Grown Men To Openly Weep After O’Driscoll’s Final Ireland Match
The vast majority of Irish men will engage in some form of wailing and crying this weekend as Brian O’Driscoll plays his final match in an Irish shirt on home soil.
After Ireland play Italy this weekend O’Driscoll will have one final opportunity to wear the green of Ireland against France in Paris in what the centre will hope is a championship clinching win.
The media machine has gone into overdrive as it grapples with the legacy left by Ireland’s greatest centre. For the common Irish fan, rugby however, they will simply be too emotionally devastated to critically appraise O’Driscoll’s career, opting instead to openly weep as he leaves the field of play.
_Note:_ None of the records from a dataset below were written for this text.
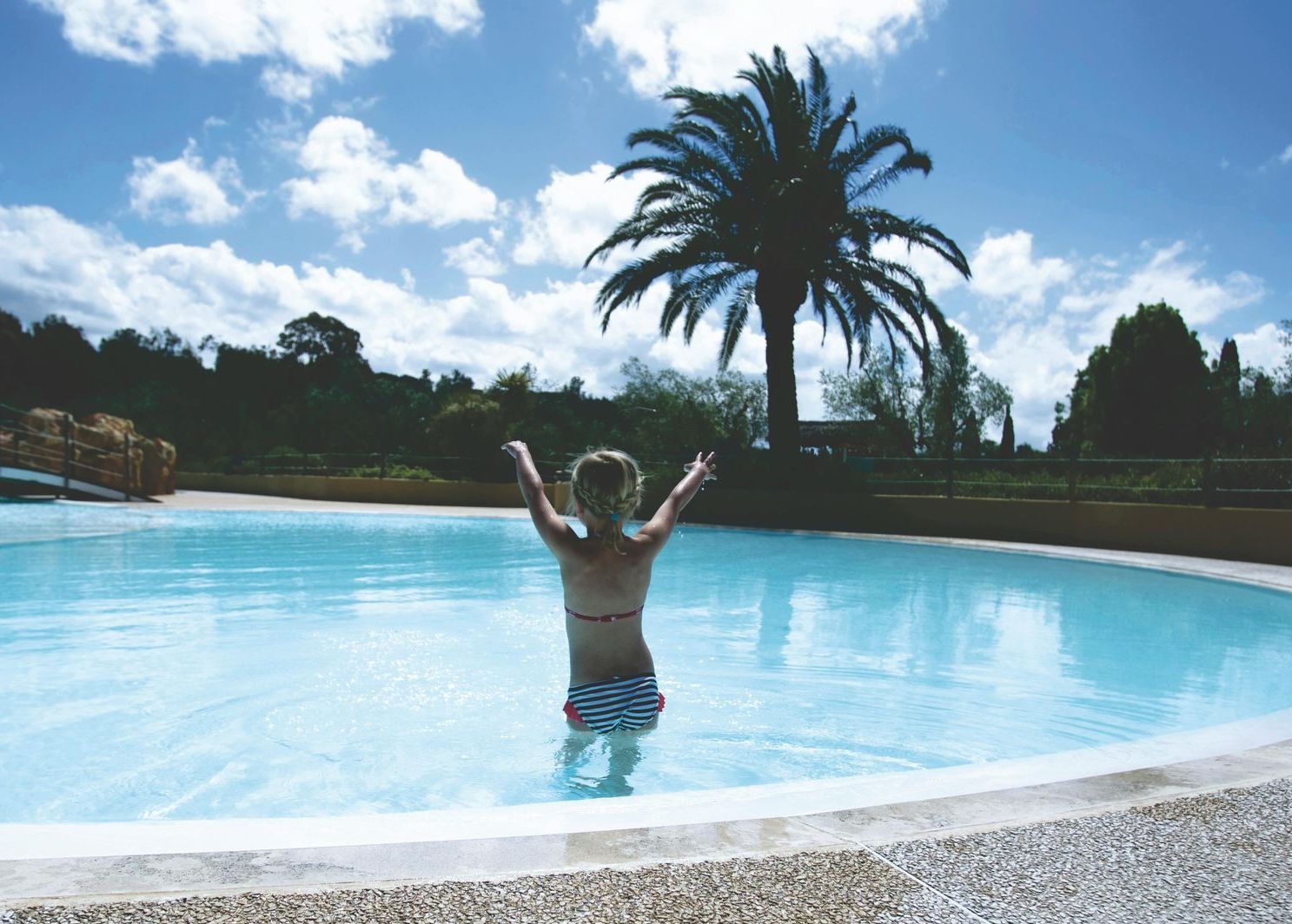 Child swimming in pool in Norfolk VA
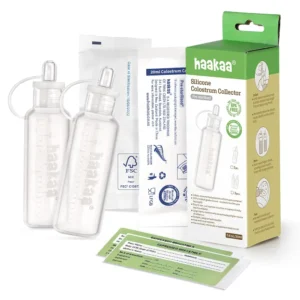 Haakaa colostrum opvangset met twee siliconen collectors van 4 ml, een katoenen doekje en een doorzichtig bewaardoosje.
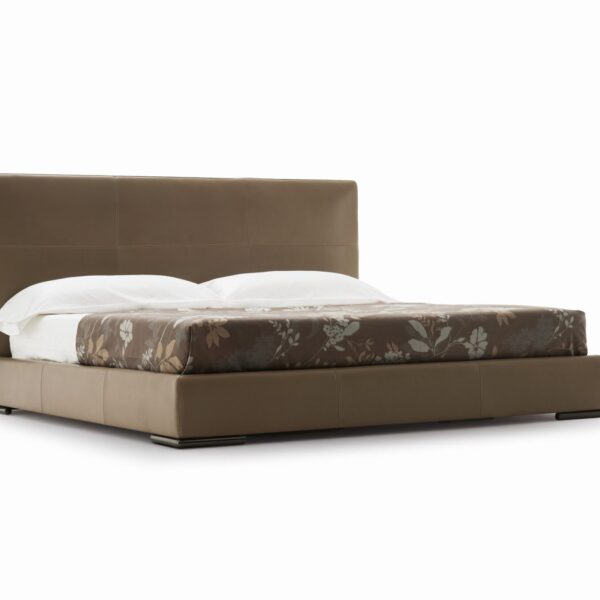Elegant upholstered bed with high headboard and modern design by Camerich.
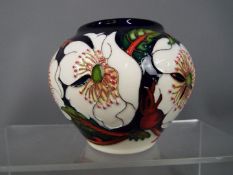 Moorcroft Pottery - a globular vase decorated in the Wayside Rambler pattern,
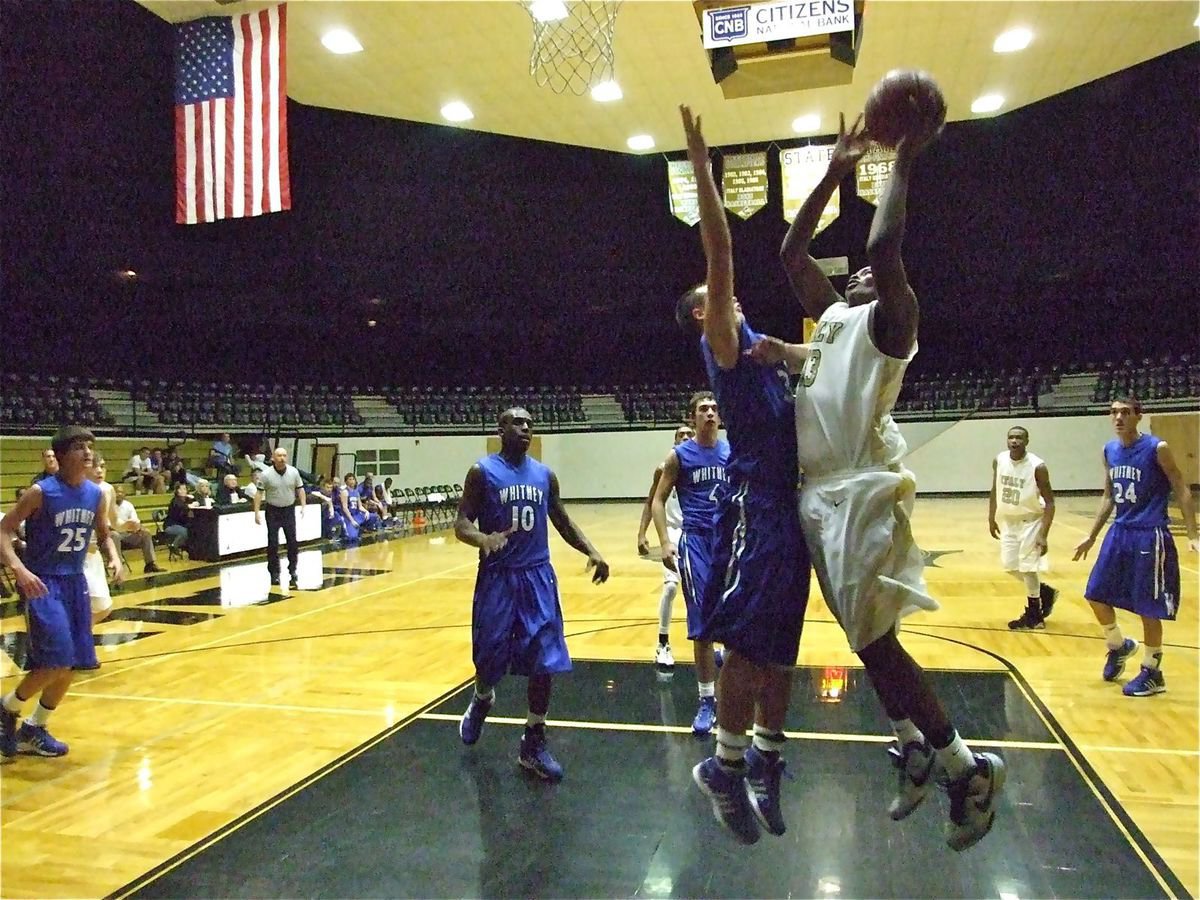 Image: Mayberry attacks — Larry Mayberry(13) attacks the Wildcat defense for a score.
“I’ve found work tough this week if I’m being honest,” self-confessed BOD lover and rugby fan Morgan Killen shared with WWN, “I’ve tried to come to terms with but…no sorry we’ll have to stop I’m off again,” an emotional Morgan said before bursting into tears.
Morgan is just one of countless male supporters who can’t imagine an Irish rugby team without Brian O’Driscoll. A number of wives and girlfriends, who will also feel the strains of sadness, are preparing for their partner’s refusal to leave the bedroom and cries of ‘you don’t understand!’
Several strange stories have emerged this week as the Nation as a whole prepares itself for the eventuality of O’Driscoll’s retirement with one fan deciding to get ‘BOD is my shepherd’ tattooed across his face.
“I might be 6 foot 5 and weigh 16 stone, but that doesn’t mean I won’t pull a muscle from all the crying I’ll be doing once he hangs up his boots,” shared the tattoo owner and life long BOD fan Cormac Devine, “I’ve got a few strange looks this week but how else am I expected to show my misplaced homoerotic affections?” concluded Cormac as he struggled to hold back the tears.
Midwives in a number of hospitals have reported a 1000% increase in the number of children being named ‘BOD’ in the recent weeks. “A number of rather agitated and understandably emotional fathers have insisted their sons and in some cases daughter be named not Brian but BOD,” Joanne Dunne chief midwife of Holles Street hospital told WWN.
If you are struggling to come to terms with Brian O’Driscoll’s retirement the IRFU has set up a helpline to help people cope with the outpouring of emotion. The number is 01 6473800.